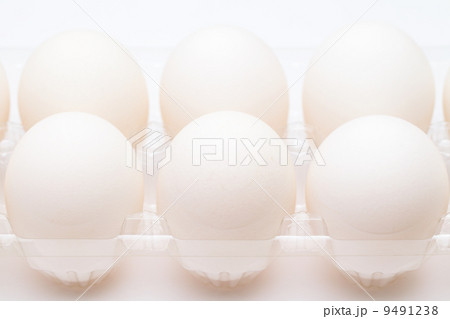 White egg in row 9491238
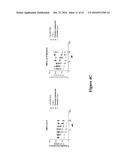 METHODS FOR DETERMINING DRUG EFFICACY FOR THE TREATMENT OF DIFFUSE LARGE     B-CELL LYMPHOMA, MULTIPLE MYELOMA, AND MYELOID CANCERS diagram and image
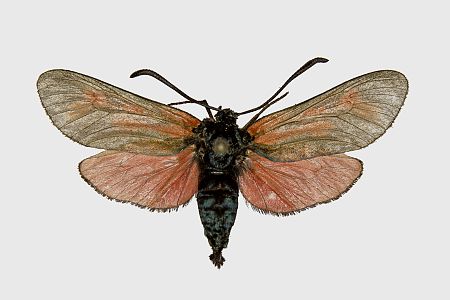 Zygaena minos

=====

[What is expected] Once the pictures are set aside, give every line above again without alteration.

[Expected output]
 White egg in row 9491238
 METHODS FOR DETERMINING DRUG EFFICACY FOR THE TREATMENT OF DIFFUSE LARGE     B-CELL LYMPHOMA, MULTIPLE MYELOMA, AND MYELOID CANCERS diagram and image
 Zygaena minos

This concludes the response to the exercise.